Riding over the San Mateo bridge....
26 years back I would be at sailing practice. Etchells in the spring and early summer on Manhasset Bay after a long (cold) winter of Penguin class racing. I remember the 45min bus ride home from Cathedral and thinking of the water, wishing for wind and hoping I wouldn't make the same mistakes.

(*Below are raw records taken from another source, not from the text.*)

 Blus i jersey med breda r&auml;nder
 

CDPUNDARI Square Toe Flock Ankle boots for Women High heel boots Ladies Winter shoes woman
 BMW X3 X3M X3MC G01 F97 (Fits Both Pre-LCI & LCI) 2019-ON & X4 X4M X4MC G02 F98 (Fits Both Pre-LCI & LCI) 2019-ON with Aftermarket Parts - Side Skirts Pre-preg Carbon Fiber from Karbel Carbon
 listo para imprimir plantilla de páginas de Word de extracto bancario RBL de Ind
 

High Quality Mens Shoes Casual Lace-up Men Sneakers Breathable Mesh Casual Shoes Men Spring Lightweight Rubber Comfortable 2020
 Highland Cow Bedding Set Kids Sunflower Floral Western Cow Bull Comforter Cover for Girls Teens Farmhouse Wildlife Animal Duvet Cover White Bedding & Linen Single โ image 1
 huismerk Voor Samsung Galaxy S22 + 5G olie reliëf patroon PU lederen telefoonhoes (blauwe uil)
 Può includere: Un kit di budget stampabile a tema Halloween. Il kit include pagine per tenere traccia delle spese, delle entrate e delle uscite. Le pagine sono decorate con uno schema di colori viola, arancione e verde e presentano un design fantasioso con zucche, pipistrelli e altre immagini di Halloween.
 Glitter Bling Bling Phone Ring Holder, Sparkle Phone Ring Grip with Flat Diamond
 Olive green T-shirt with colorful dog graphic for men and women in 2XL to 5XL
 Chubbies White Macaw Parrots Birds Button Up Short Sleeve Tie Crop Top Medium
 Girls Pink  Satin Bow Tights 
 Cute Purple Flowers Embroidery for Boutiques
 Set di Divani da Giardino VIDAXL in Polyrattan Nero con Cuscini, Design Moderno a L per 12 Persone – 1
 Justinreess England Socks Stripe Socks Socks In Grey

Dropped home...blazer hung (demerits and lint involved), jumper jumped out of, peter pan collar tossed, penny loafers replaced with docksiders. And off to the water. 15 minute drive/lecture all about focus, strength, discipline..."learn to see through the sun", "there is no separation", "point", "quick--quick--quick", "did you work on your hand exercises?" (I would never get stronger or much faster. This would continue to haunt me in summer camp, 50' Catalina Morgan,...,ask me to swim from Tortola to Jost Van Dyke--no problem. Be on winch? err....) If practice went well and sun/conditions permitted, 505s. I would never master the skills required. Something didn't click--the sync-up...or just being too light, too weak, too something on the side of absence rather than presence. But I loved it. Intensely serious kid who relished/fought/tried conquering (?) the facts of reality. It just was. And somehow through all of the recognition of how poorly I executed there was a path somewhere into the future that was bright and filled with...some day. Some day would be many days of learning--persistence--silent emotionless frustration (yes, that's valid. perfect wasp behavior)...eventually, some day resolved itself and the fun of it all won out.
Fun...a common language.
Fun enough that I would take my mother sailing in Captiva, Hilton Head, etc. on winter breaks. She would comment, "This suits you." I don't know exactly what it is she meant, only I can't say I was puzzled either. "You could sail about the world, yes?" And for a moment...however brief, I remember my thinking, "But you do understand." (Mother=brilliant, beautiful, charming, extreme presence, extrovert. Child=serious, pensive, polite introvert.) Perhaps ocean everywhere changes the dynamics, essentializes the expectation and requirements, allows each to be as they are? Regardless, we had fun. Afterward, she made lots of new friends as usual. I watched quietly at attention...as usual.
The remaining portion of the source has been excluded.